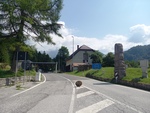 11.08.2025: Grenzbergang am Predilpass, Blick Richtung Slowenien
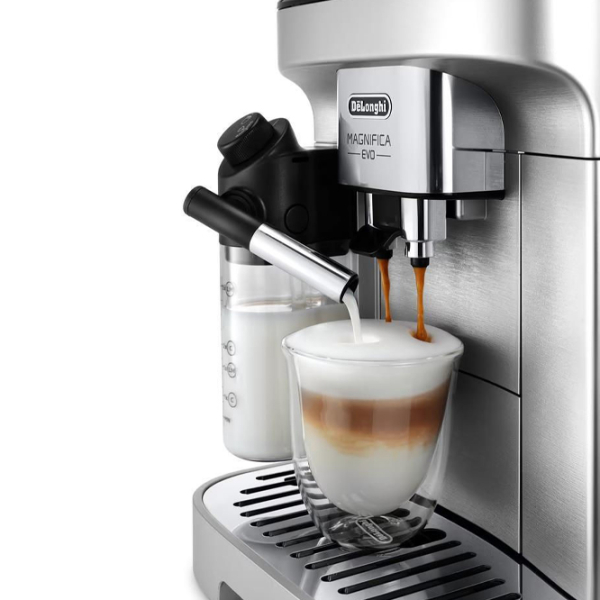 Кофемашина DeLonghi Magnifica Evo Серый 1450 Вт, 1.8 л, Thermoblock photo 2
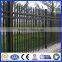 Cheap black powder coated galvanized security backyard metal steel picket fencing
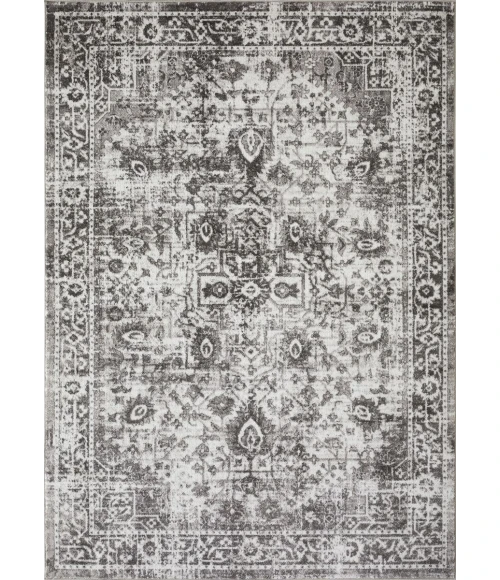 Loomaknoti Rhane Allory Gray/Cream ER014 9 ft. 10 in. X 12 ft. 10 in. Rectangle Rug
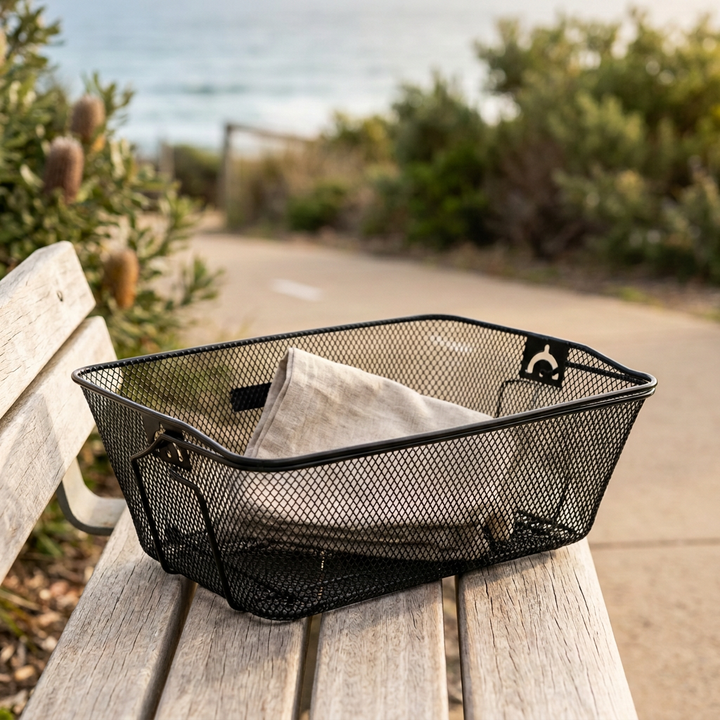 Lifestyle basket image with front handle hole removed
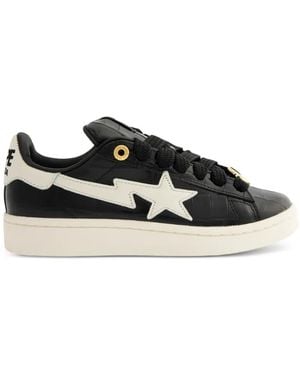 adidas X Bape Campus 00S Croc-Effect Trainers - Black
********************
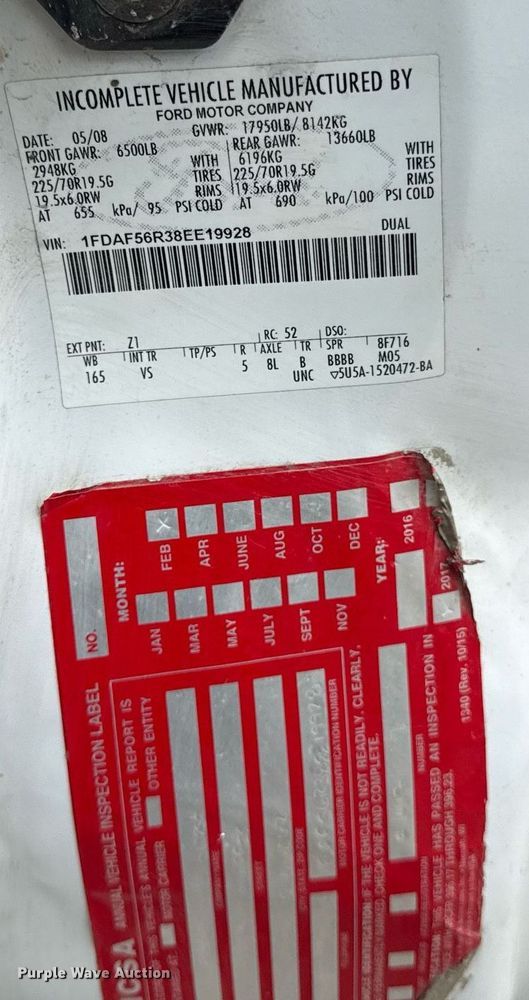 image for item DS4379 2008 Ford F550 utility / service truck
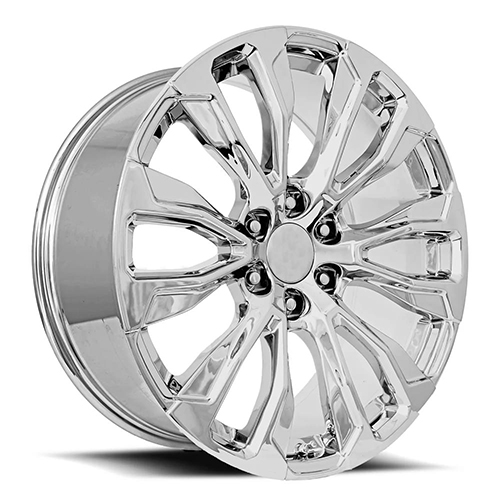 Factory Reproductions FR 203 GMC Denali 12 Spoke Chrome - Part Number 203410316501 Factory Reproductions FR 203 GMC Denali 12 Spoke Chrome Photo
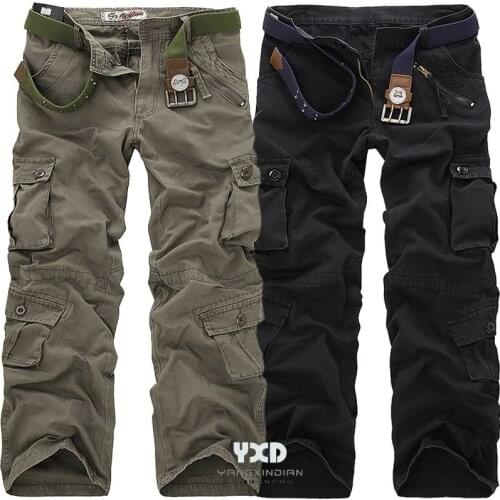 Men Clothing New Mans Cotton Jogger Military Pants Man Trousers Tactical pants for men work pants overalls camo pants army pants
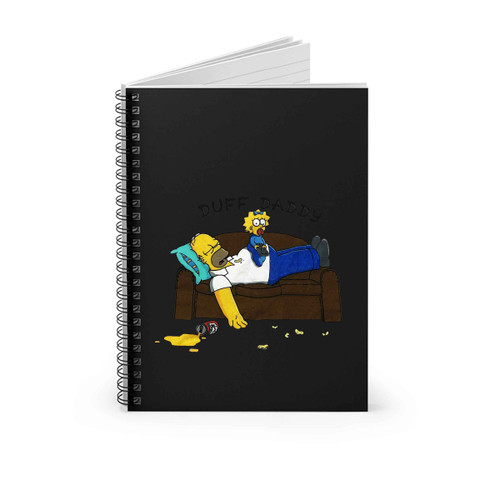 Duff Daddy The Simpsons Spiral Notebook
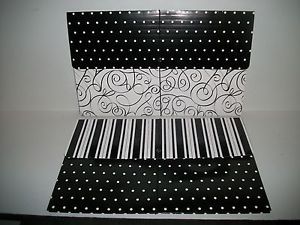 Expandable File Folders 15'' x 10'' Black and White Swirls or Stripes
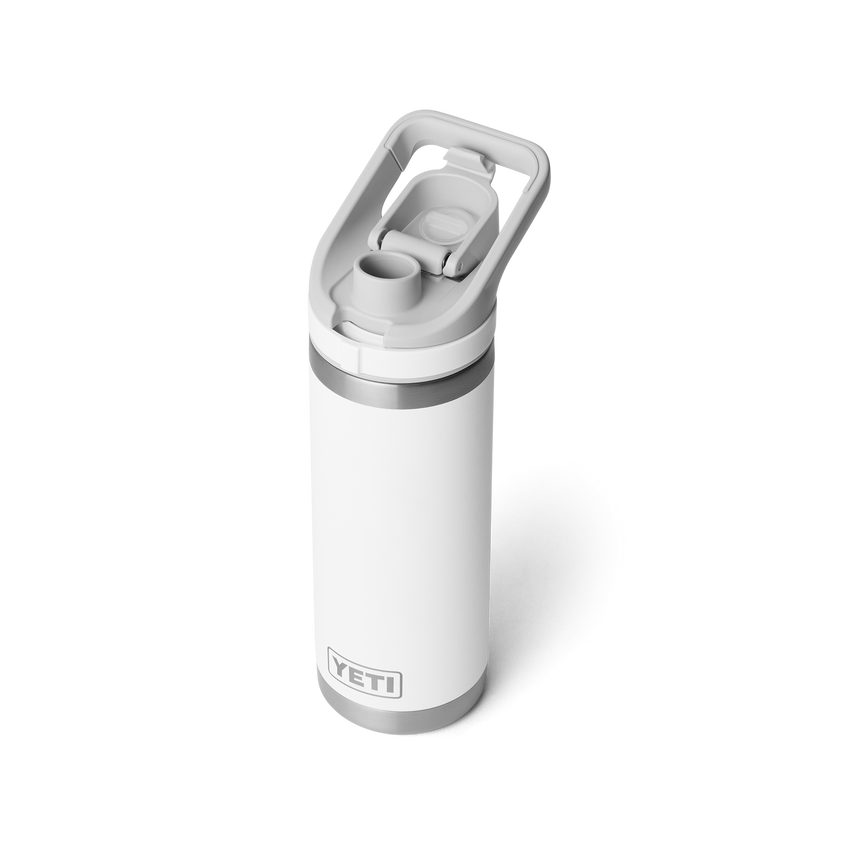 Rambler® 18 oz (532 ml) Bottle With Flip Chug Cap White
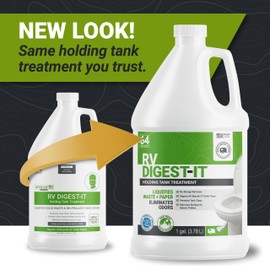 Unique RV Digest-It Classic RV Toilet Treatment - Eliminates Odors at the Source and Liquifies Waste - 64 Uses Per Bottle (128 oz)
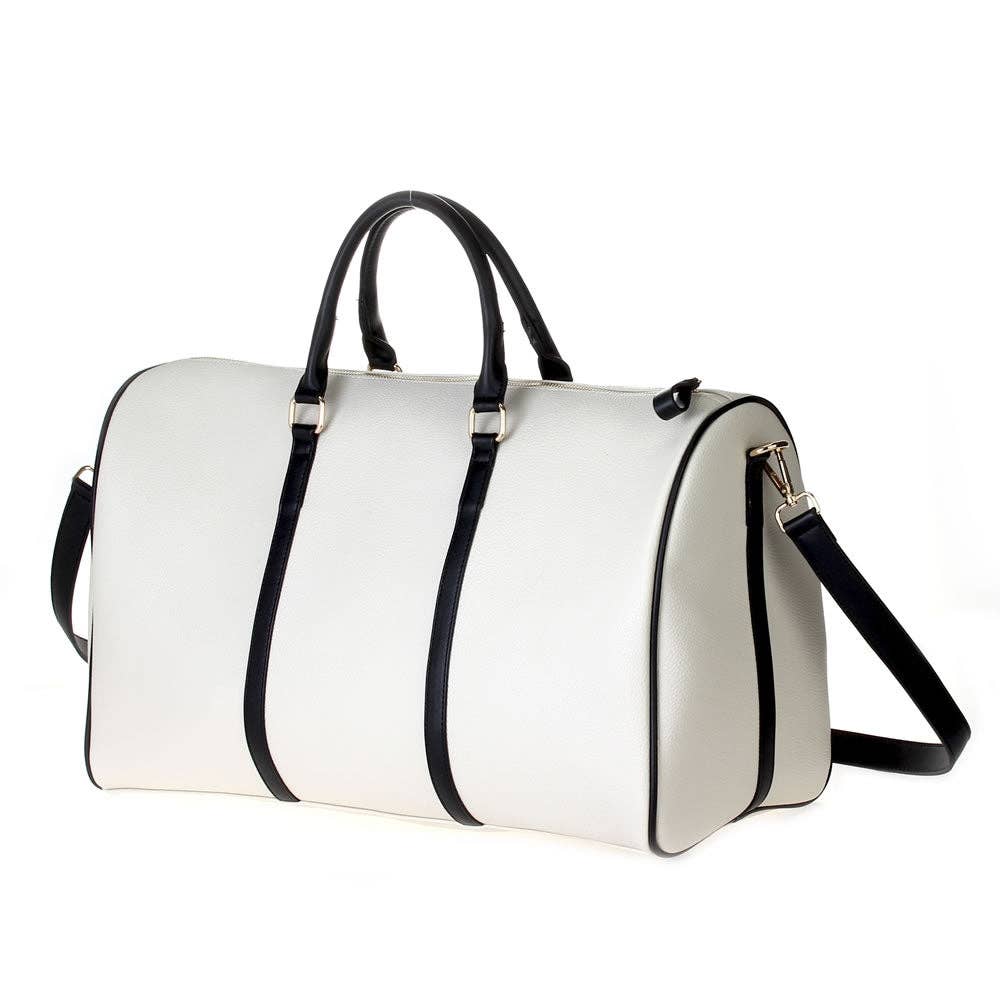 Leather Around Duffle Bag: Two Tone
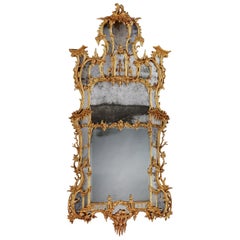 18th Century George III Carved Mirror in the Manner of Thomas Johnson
********************
▶ **Aim of the task**:
Using the entries above, repeat exactly the lines from the one with "Cheap black powder" to the one with "adidas X Bape", both included, and leave the pictures behind.

▶ **Exercise solution**:
 Cheap black powder coated galvanized security backyard metal steel picket fencing
 Loomaknoti Rhane Allory Gray/Cream ER014 9 ft. 10 in. X 12 ft. 10 in. Rectangle Rug
 Lifestyle basket image with front handle hole removed
 adidas X Bape Campus 00S Croc-Effect Trainers - Black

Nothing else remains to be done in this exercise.